- _TASK DIRECTIONS_
Copy out the entries below exactly as they stand, but only from the line containing "NUT 498848C2" through the line containing "(서울=뉴스1) 허경 기자".

- _AVAILABLE DATA_

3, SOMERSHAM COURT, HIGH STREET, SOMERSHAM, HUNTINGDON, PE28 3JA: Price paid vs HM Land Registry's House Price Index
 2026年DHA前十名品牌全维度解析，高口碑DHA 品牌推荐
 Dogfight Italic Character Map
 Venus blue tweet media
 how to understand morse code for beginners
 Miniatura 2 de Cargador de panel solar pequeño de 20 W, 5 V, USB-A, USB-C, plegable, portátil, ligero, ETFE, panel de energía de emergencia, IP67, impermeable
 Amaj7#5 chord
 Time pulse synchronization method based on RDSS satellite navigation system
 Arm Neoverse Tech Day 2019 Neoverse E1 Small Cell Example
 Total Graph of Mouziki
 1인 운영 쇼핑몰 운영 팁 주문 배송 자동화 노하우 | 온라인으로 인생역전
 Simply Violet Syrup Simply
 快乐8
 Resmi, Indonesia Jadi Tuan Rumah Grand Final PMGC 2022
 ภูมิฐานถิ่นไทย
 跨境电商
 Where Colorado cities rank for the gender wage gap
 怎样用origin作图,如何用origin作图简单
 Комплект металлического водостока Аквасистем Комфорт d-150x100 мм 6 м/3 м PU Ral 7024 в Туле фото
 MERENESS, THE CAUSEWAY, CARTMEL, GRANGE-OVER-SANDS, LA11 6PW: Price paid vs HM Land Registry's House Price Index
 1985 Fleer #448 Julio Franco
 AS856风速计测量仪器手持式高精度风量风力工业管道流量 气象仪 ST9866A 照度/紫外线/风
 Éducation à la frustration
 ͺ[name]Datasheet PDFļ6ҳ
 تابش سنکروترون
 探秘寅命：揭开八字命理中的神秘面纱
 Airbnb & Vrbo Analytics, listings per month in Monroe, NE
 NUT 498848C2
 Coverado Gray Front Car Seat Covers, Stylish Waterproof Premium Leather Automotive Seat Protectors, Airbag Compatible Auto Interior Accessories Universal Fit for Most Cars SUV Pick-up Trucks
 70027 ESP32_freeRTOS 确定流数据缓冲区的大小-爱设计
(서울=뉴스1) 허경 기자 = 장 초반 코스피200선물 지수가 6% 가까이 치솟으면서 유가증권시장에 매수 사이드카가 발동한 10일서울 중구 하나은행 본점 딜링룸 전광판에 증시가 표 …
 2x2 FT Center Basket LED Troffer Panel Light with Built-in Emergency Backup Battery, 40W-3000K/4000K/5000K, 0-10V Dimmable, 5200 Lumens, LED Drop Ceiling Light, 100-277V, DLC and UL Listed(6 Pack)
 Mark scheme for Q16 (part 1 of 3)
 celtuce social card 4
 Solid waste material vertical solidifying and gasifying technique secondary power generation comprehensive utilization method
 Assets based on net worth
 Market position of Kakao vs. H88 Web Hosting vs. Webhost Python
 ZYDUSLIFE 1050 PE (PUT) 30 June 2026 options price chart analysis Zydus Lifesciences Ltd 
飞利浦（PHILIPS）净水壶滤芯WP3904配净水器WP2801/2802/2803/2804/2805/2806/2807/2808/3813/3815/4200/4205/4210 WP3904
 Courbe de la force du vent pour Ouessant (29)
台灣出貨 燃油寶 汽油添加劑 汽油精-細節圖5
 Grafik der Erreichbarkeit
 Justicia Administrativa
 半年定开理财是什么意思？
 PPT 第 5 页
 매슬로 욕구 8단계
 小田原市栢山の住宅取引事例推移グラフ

- _EXERCISE SOLUTION_
 NUT 498848C2
 Coverado Gray Front Car Seat Covers, Stylish Waterproof Premium Leather Automotive Seat Protectors, Airbag Compatible Auto Interior Accessories Universal Fit for Most Cars SUV Pick-up Trucks
 70027 ESP32_freeRTOS 确定流数据缓冲区的大小-爱设计
(서울=뉴스1) 허경 기자 = 장 초반 코스피200선물 지수가 6% 가까이 치솟으면서 유가증권시장에 매수 사이드카가 발동한 10일서울 중구 하나은행 본점 딜링룸 전광판에 증시가 표 …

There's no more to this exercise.